If your blog isn’t about sex toys, explicit erotica or a detailed descriptions of the kind of BDSM one finds in Fifty Shades of Grey, it’s not “adult.” Just using the acronym BDSM is not “adult.” Reviewing a book of lesbian erotica isn’t de facto “adult” either. And trust me, book bloggers who review straight romance do not put themselves behind an adult filter.

Consider the sexual content and activity in the Twilight Series, categorized as suitable for ages 12-17. Is your blog actually more “adult” than the content of those books? If that’s not adult content, then the mere mention of passion and sex in a book about lesbians is certainly not “adult.” There’s plenty of passion and sex in the Bible. Last I checked, that’s available uncensored online, complete with rape, adultery, fornication and sex-motivated murder.

Besides, guess what? We are recruiting youth. Not their bodies, but their minds. Think about the LGBT young person at a public library that filters their Internet search results — and many do. That young person is looking for a review of a book, exactly the kinds of books you review.

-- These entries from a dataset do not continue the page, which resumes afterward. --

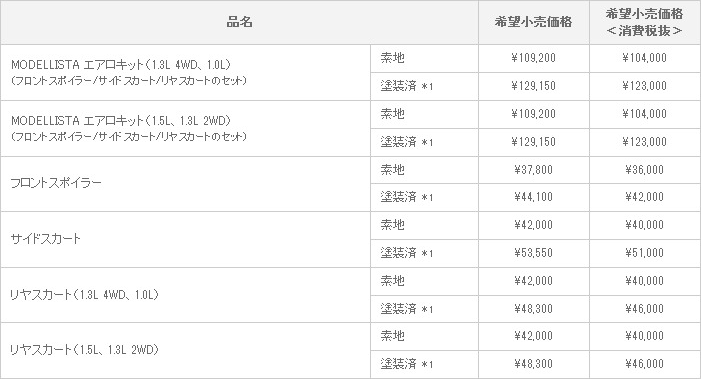 新型ヴィッツ MODELLISTA VERSION 適合グレード： B、F、U、I’LL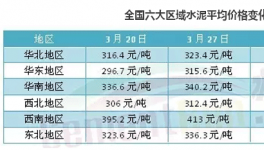 不賺錢都難！六大區(qū)域水泥價格普漲 華東漲幅最猛烈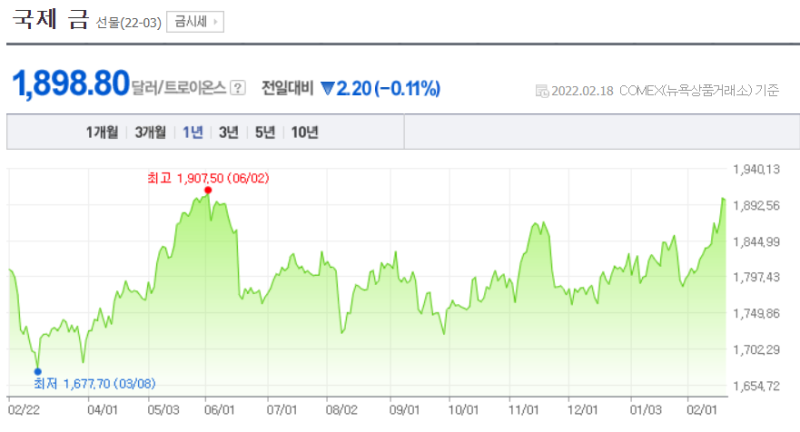 비트코인 선물거래 롱 숏 보너스 받고 시작하자 바이비트 이벤트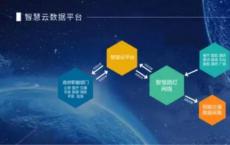 FactSet使用IHS Markit扩展数据生态系统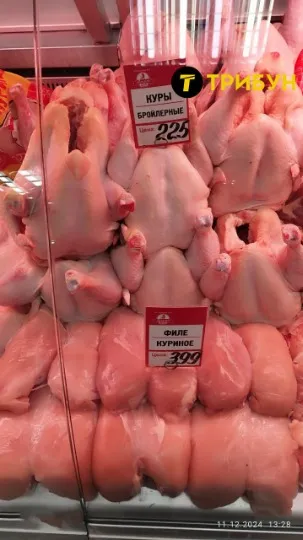 Ціни на продукти в Донецьку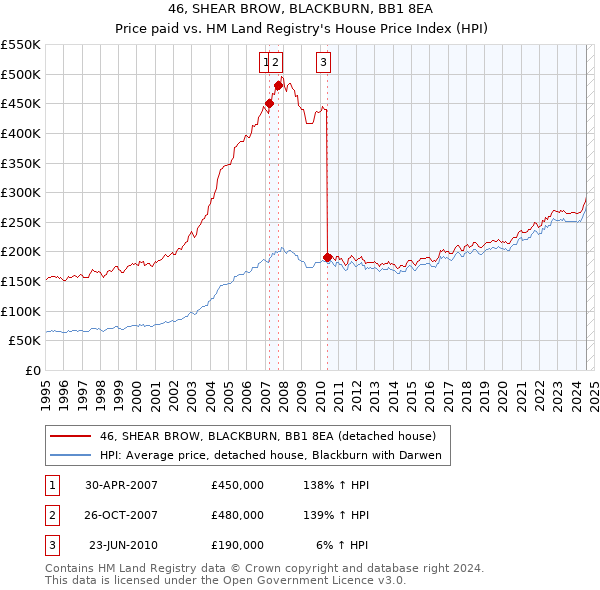 46, SHEAR BROW, BLACKBURN, BB1 8EA: Price paid vs HM Land Registry's House Price Index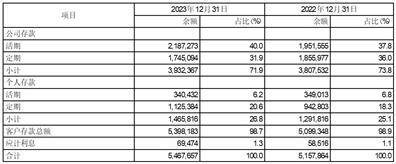 证券代码：601998 股票简称：中信银行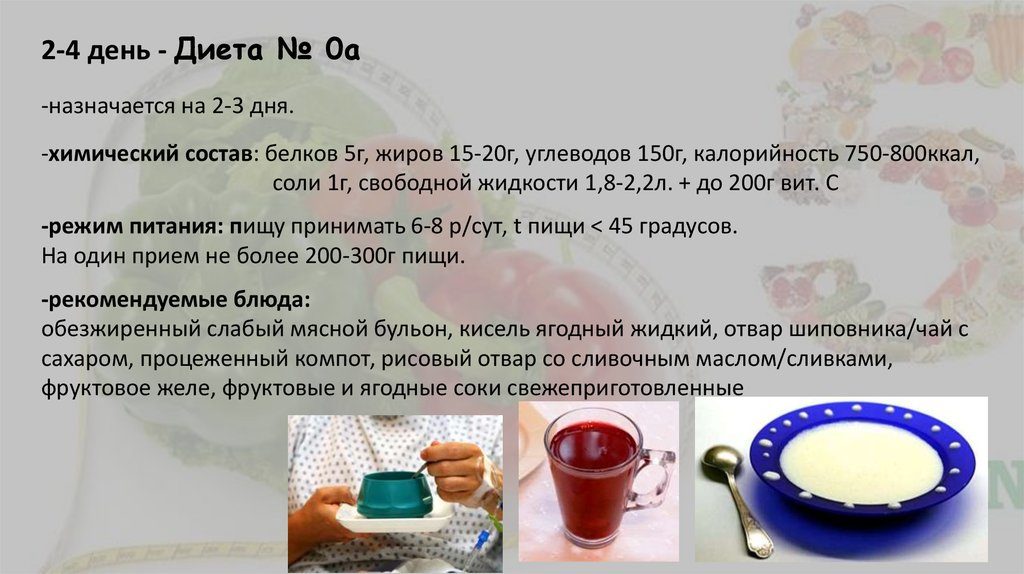 Диета после операции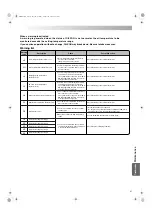 Предварительный просмотр 43 страницы Daikin AKZ149 Instruction Manual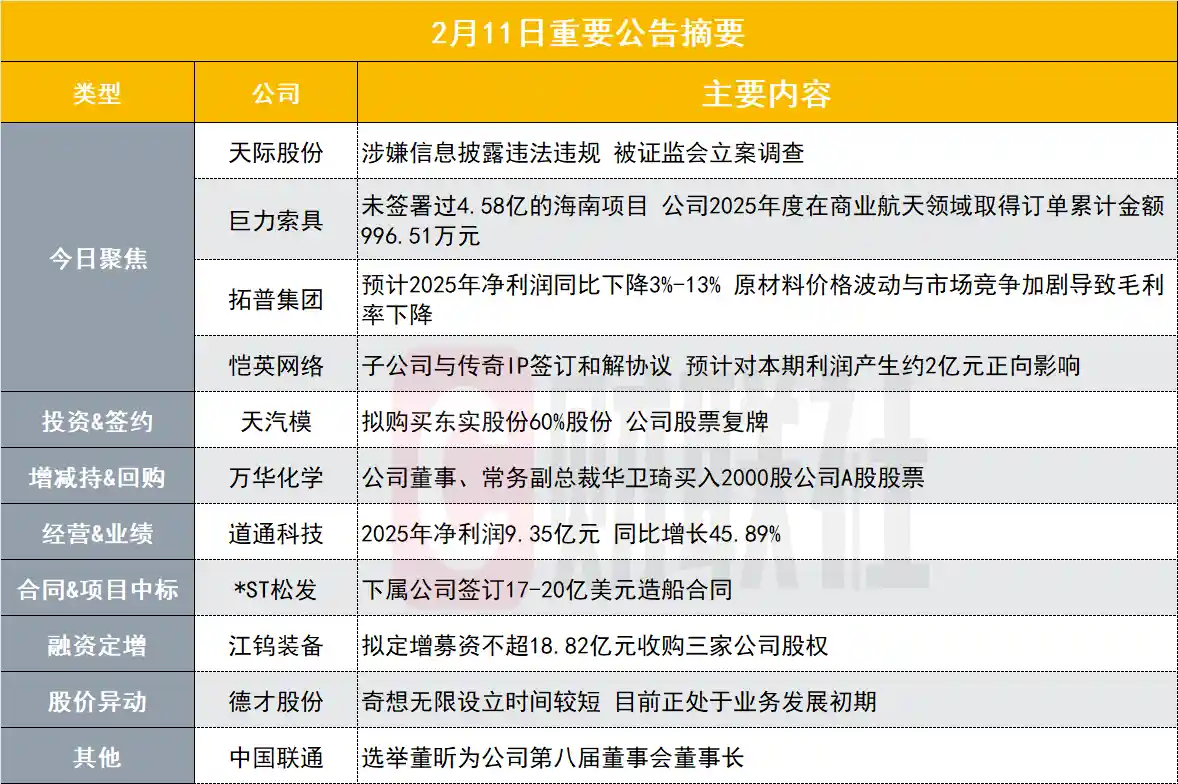 200亿锂电巨头突陷风波，信披违规遭立案调查！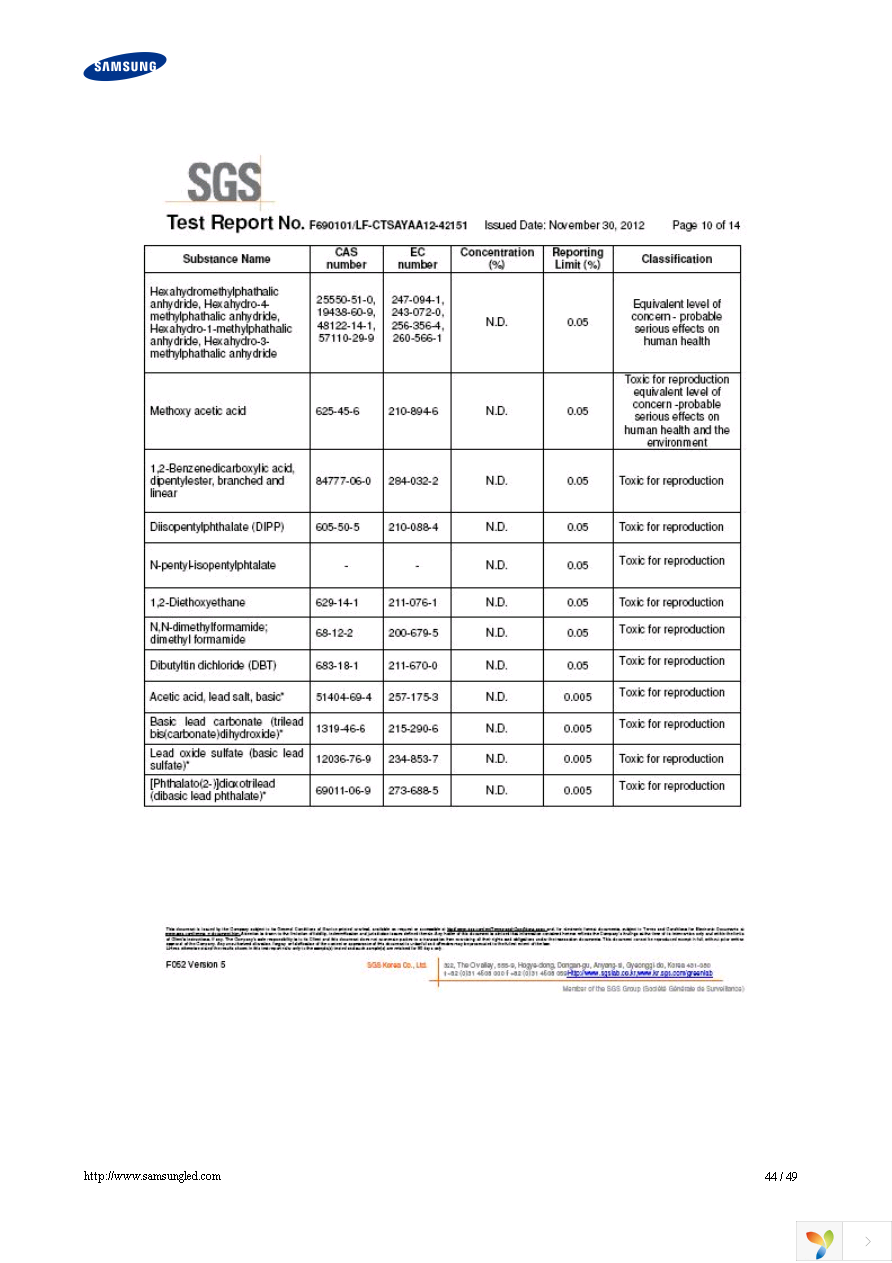 SPMWHT541MD5WATMS3 Page 44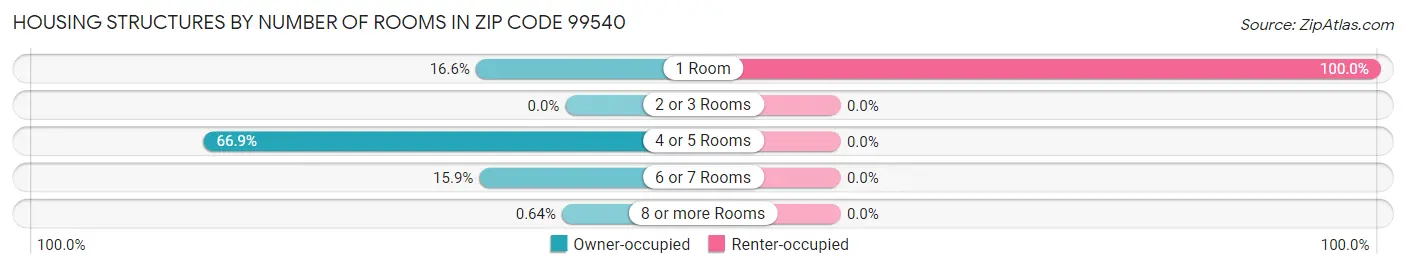Housing Structures by Number of Rooms in Zip Code 99540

But because you’ve voluntarily told the search engines your content is adult, your site will not be listed as a result. Is that young person to be protected from your thoughts about the books you read? Seriously?

It’s true that filtering software may examine your site and decide it’s “adult,” but let the software make that decision; don’t do it to yourself! Homophobes and haters and One Million Moms may examine your site and decide it’s “adult.” Big whoopity doo.

Copyrighted material.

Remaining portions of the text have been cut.